Wavelet modelling of the gravity field by domain decomposition methods: an example over Japan
(2011)
With the advent of satellite gravity, large gravity data sets of unprecedented quality at low and medium resolution become available. For local, high resolution field modelling, they need to be combined with the surface gravity data. Such models are then used for various applications, from the study of the Earth interior to the determination of oceanic currents. Here we show how to realize such a combination in a flexible way using spherical wavelets and applying a domain decomposition approach. This iterative method, based on the Schwarz algorithms, allows to split a large problem into smaller ones, and avoids the calculation of the entire normal system, which may be huge if high resolution is sought over wide areas. A subdomain is defined as the harmonic space spanned by a subset of the wavelet family. Based on the localization properties of the wavelets in space and frequency, we define hierarchical subdomains of wavelets at different scales. On each scale, blocks of subdomains are defined by using a tailored spatial splitting of the area. The data weighting and regularization are iteratively adjusted for the subdomains, which allows to handle heterogeneity in the data quality or the gravity variations. Different levels of approximations of the subdomains normals are also introduced, corresponding to building local averages of the data at different resolution levels.
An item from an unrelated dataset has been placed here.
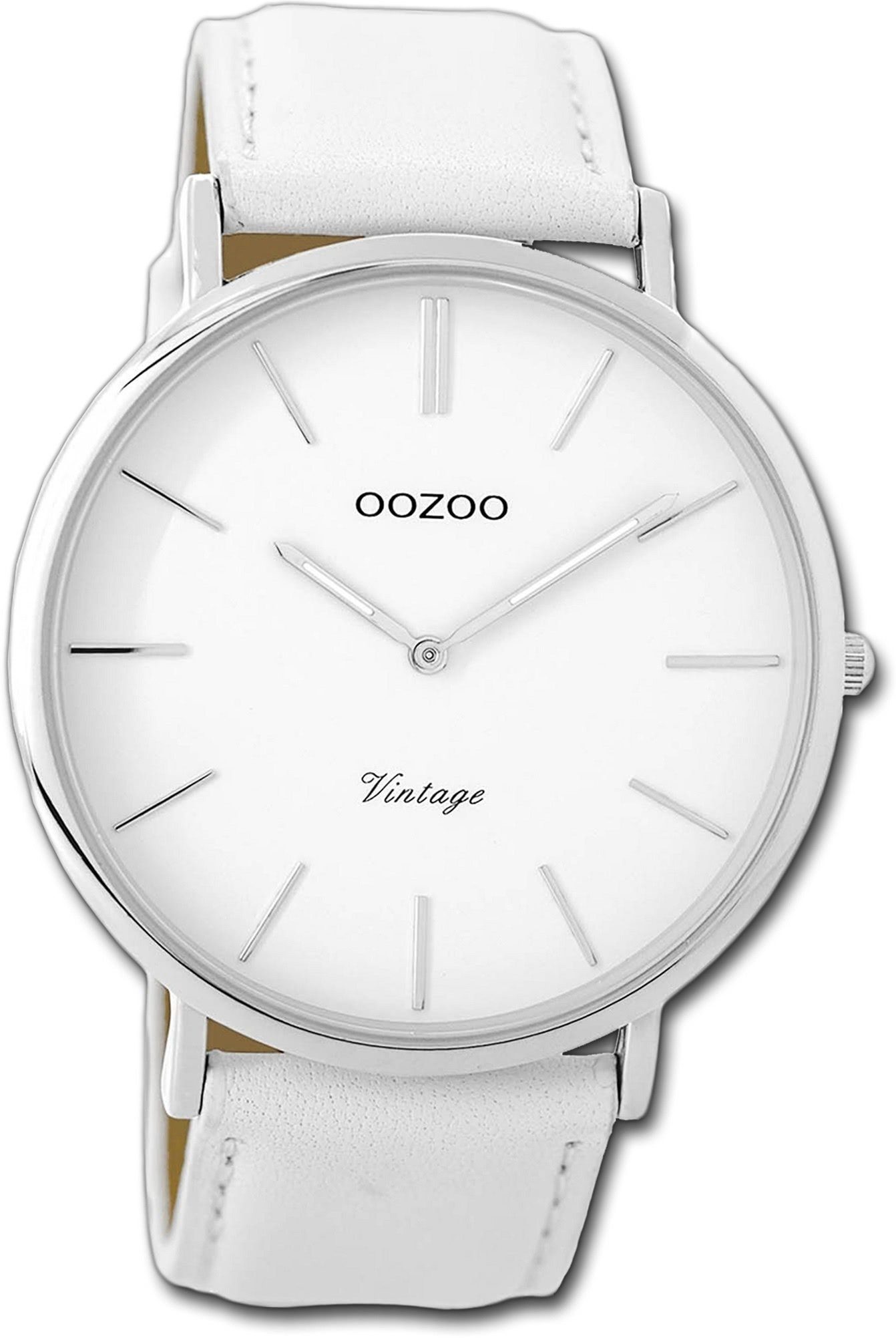 OOZOO Quarzuhr Oozoo Leder Damen Uhr C9310 Analog, Damenuhr Lederarmband weiß, rundes Gehäuse, groß (ca. 45mm)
We first provide the theoretical background on domain decomposition methods. Then, we validate the method with synthetic data, considering two kinds of noise: white noise and coloured noise. We then apply the method to data over Japan, where we combine a satellite-based geopotential model, EIGEN-GL04S, and a local gravity model from a combination of land and marine gravity data and an altimetry-derived marine gravity model. A hybrid spherical harmonics/wavelet model of the geoid is obtained at about 15 km resolution and a corrector grid for the surface model is derived.